Krishna Consciousness & Ecological Awareness

We Must Do Something
May 8, 2007, 7:00 pm
Filed under: Uncategorized

By Adi Radhika Dasi, 2007. May 02.

It is the nature of human being… till it comes to ourselves, we do not care.

Monday morning we returned back to our village; Krishna-valley. We were quite sleepless and tired, we rested and yesterday we went out for a walk, chanting Hare Krishna mantra. We mentioned to each other of the clean air, fresh aromas, sweet chirping of the birds after the city life of Istanbul and we felt very good. We are able to rediscover the values of our environment only when we stay away. We met with neighbours, villagers, chatted long and laughed.

As our steps continued on the way, a kind of sadness wrapped the happiness I had like a heavy mist slowly slowly sitting down in the evening. Since we left to Turkey – nearly two months – there had been no rain. I dont know whether we mentioned or not, but this winter I lived the first winter in my life without snow. Rain was also quite rare. We continued walking. Everywhere my eyes could reach was carrying the serious signs of drought. All the flowers were budded and blossomed from the unusual warm weather, and the leaves were tired and pale looking. Distinct cracks were lying on earth. I thought… we are in the month of May. What will happen in August?

Inspite of this hard climate condition, we cheered up seeing our young trees growing very nicely and we reached the Goshala. When the temperature doesnt drop down enough in winter, the pests and microbes continue living and this causes various environment problems. In the beginning of spring, our cows got cold for a serious period. We lost our Advaita. We continued walking and to the side of Goshala we saw our sweet calves. We watched, caressed and then walked to the garden of cows. I thought… it takes sensitivity to see how the nature is distressed, but an animal’s distress, her face expression is with us. I have never seen our cows this much tired and stressed. The suffering of the mother earth was appearing through their hearts. I felt pain.
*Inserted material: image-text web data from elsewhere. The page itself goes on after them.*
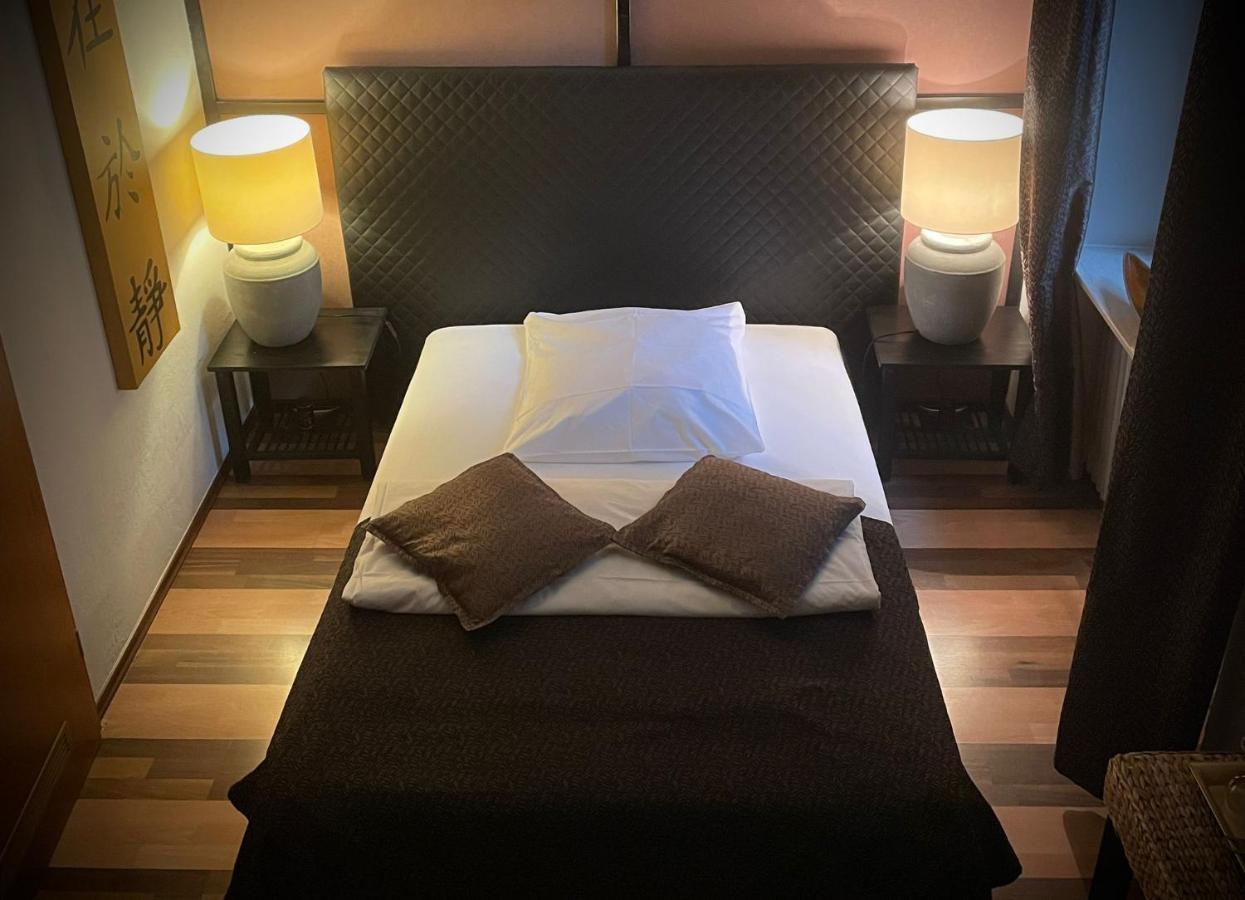 Hotel Am Volksgarten ดุสเซลดอร์ฟ ภายนอก รูปภาพ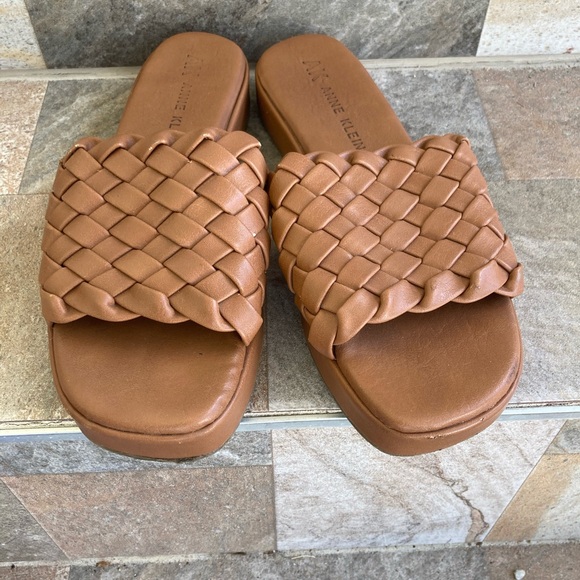 Women's Anne Klein Tan Slide Sandals - Picture 1 of 5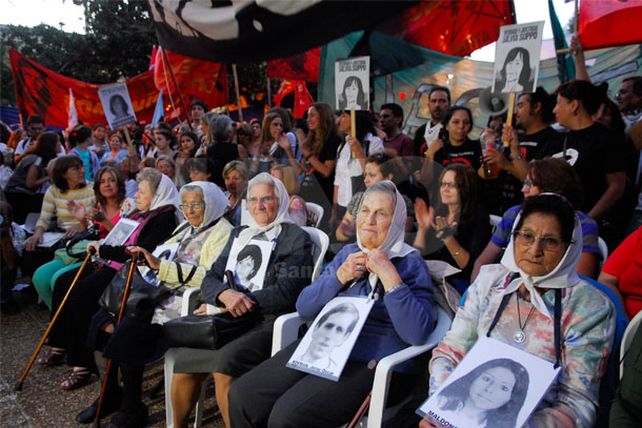 Los santafesinos marcharon por la memoria en otro aniversario del golpe militar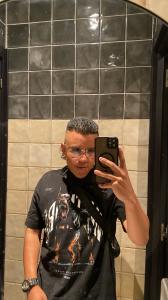 610282826: Chico busca chica en Madrid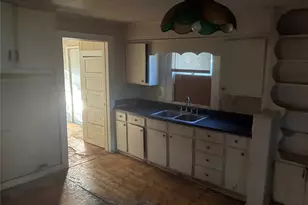 1070 15th St SE, Paris, TX 75460 - Photo 7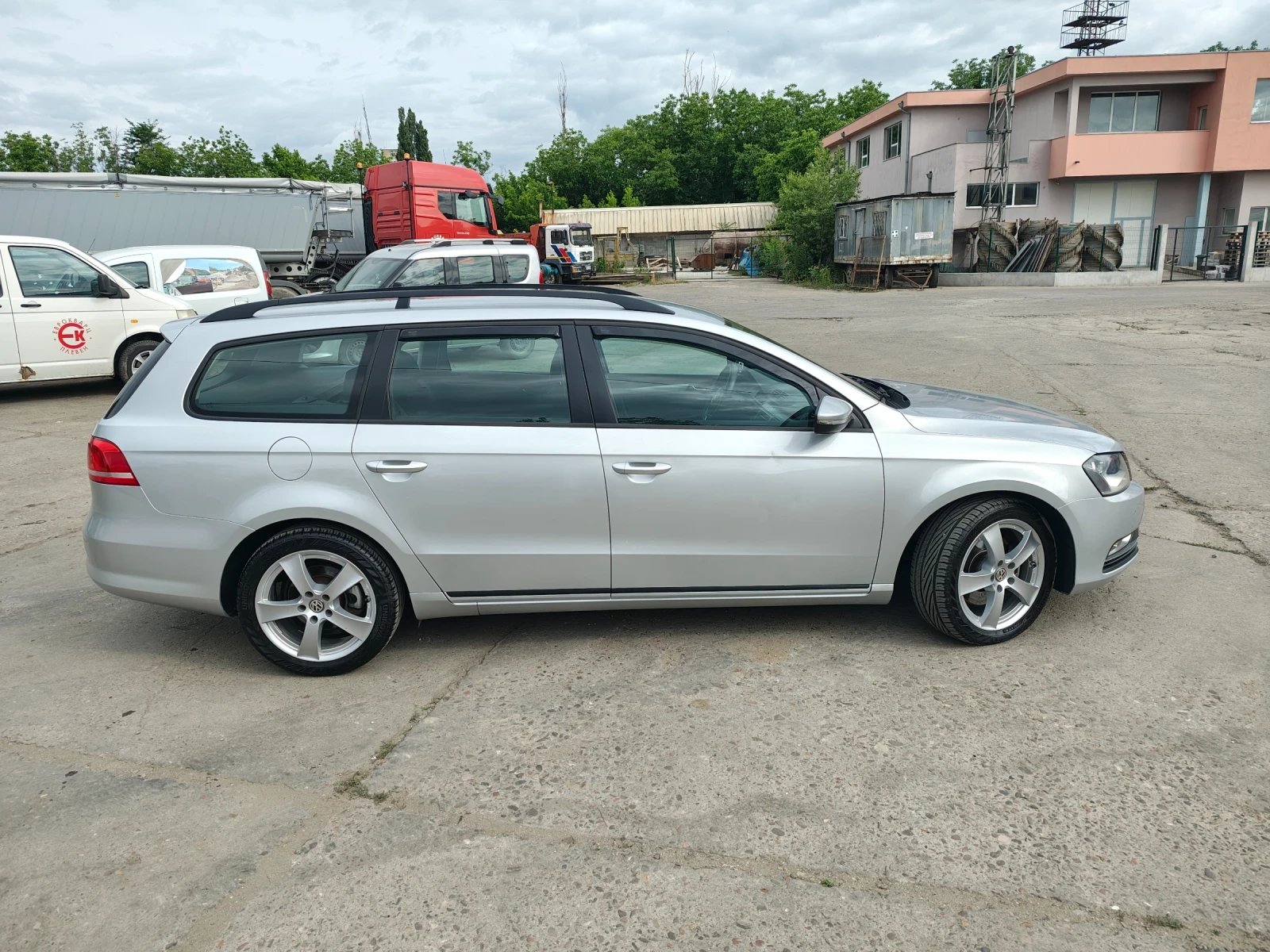 VW Passat, снимка 3 - Автомобили и джипове - 54886659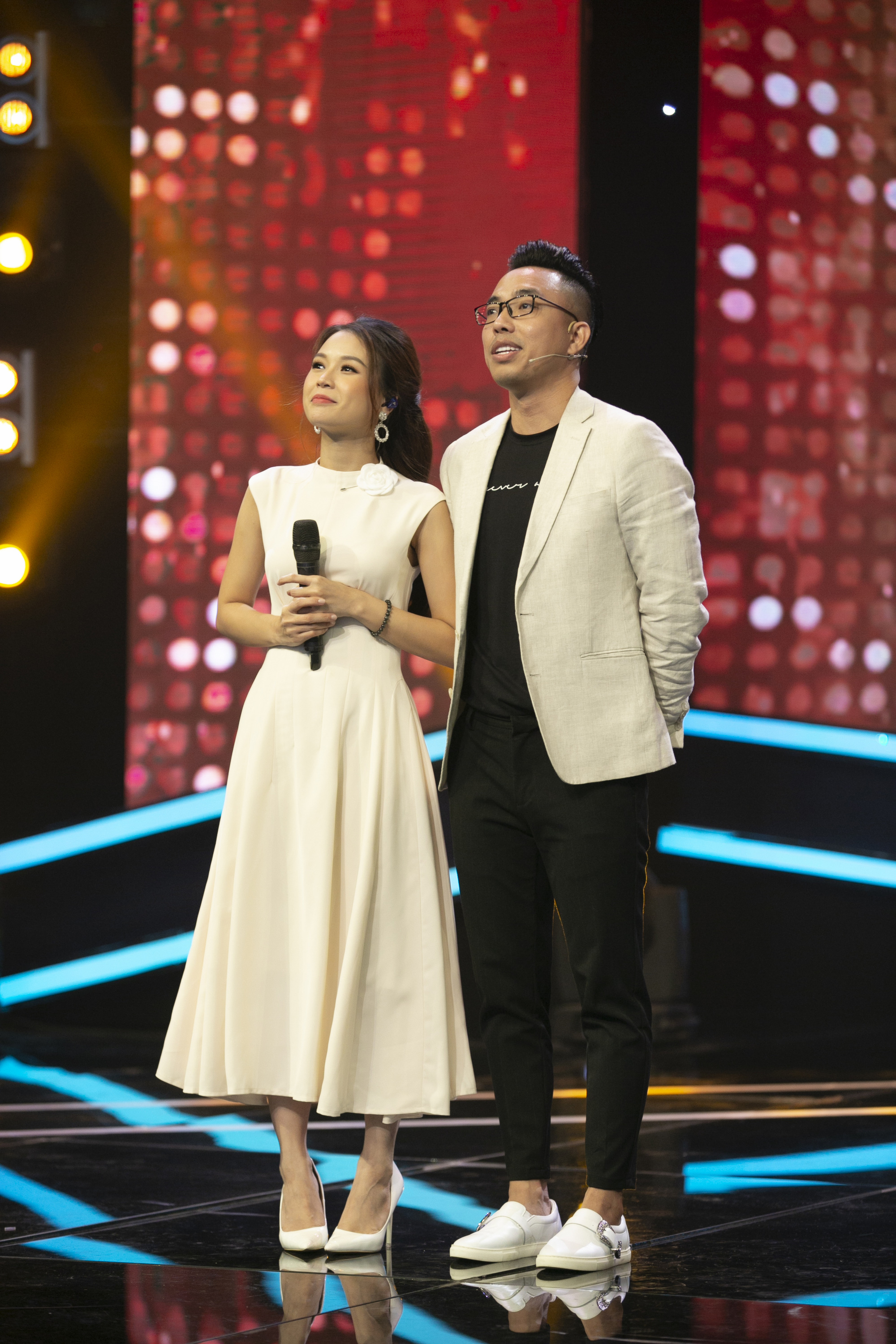 Tim chê nhạc sĩ Nguyễn Hồng Thuận "gu thẩm mỹ đi xuống" mới tán Sam - Ảnh 2. Tim chê nhạc sĩ Nguyễn Hồng Thuận "gu thẩm mỹ đi xuống" mới tán Sam - Ảnh 2.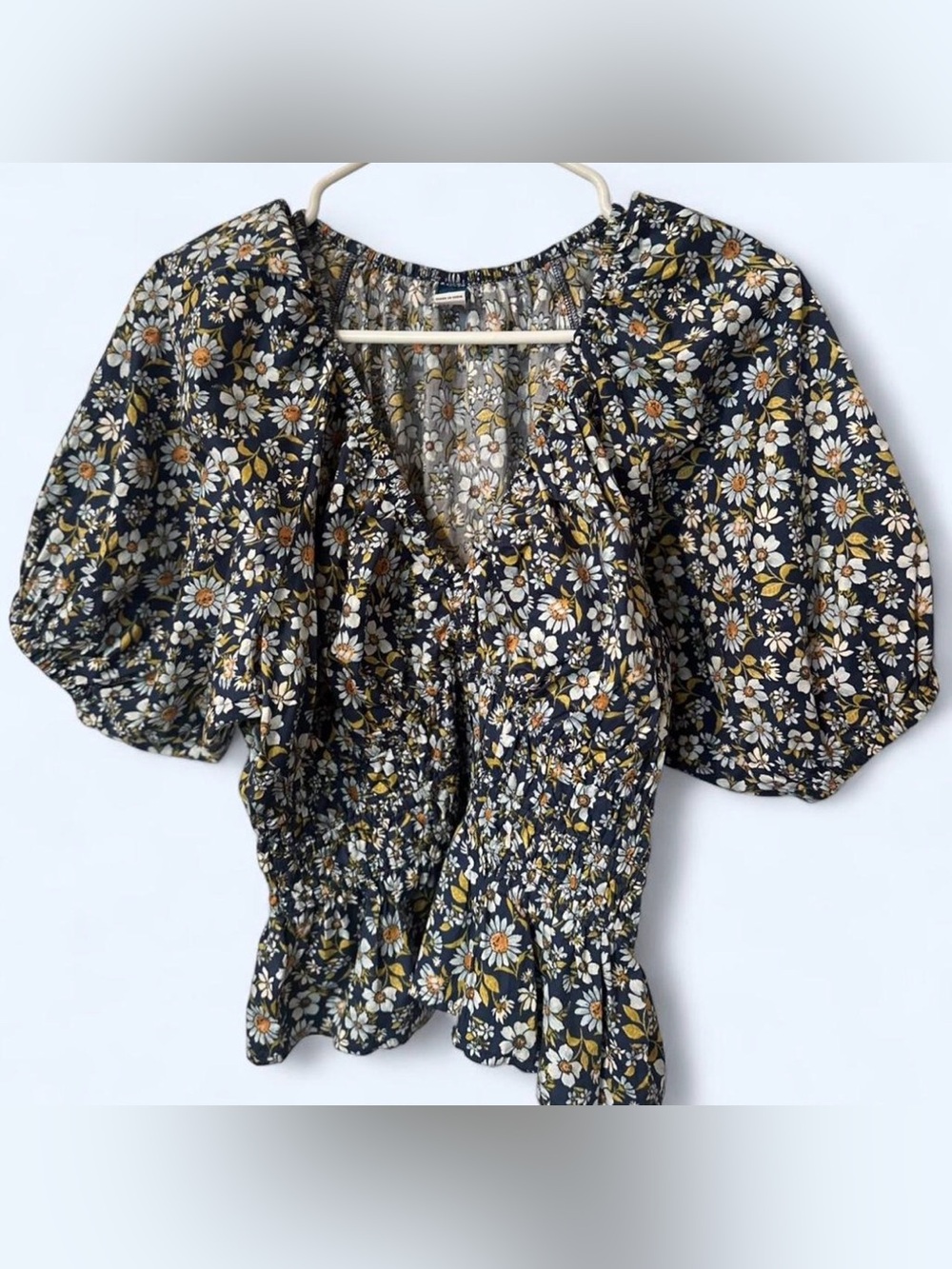 Old Navy Floral Smocked Peplum Blouse in Navy and White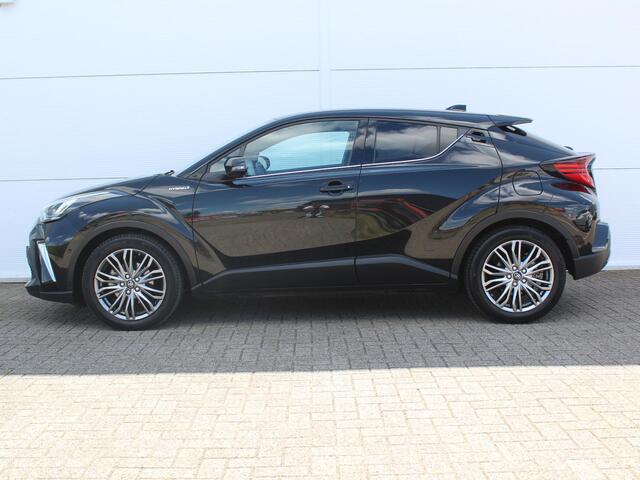 Toyota C-HR 2.0 Hybrid Executive / Trekhaak Afneembaar / Navigatie + Apple Carplay/Android Auto / Stoelverwarming Voor / Achteruitrijcamera / JBL Audio /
Upon returning home in the evening, while I was washing my hands, a terrible feeling of shame covered my heart. Was it me deserving this water, while outside many living entities are in drought? In seconds, I faced with the fact that global warming, climate change, kyoto protocol… – few of the countlessly named condition we have been hearing around us- HAD REALLY COME.

I dont know how I slept… but as I woke up in morning, I turned to my husband and said, “we have to do something.” Water means life. So, how does this water come? From where it comes and gives life?

There is a verse from Bhagavad-gita in my mind;

annad bhavanti bhutani
parjanyad anna-sambhavaha
yajnad bhavati parjanyo
yajnah karma-samudbhavaha
BG 3.14

“All living bodies subsist on food grains, which are produced from rains. Rains are produced by performance of yajna [sacrifice], and yajna is born of prescribed duties.”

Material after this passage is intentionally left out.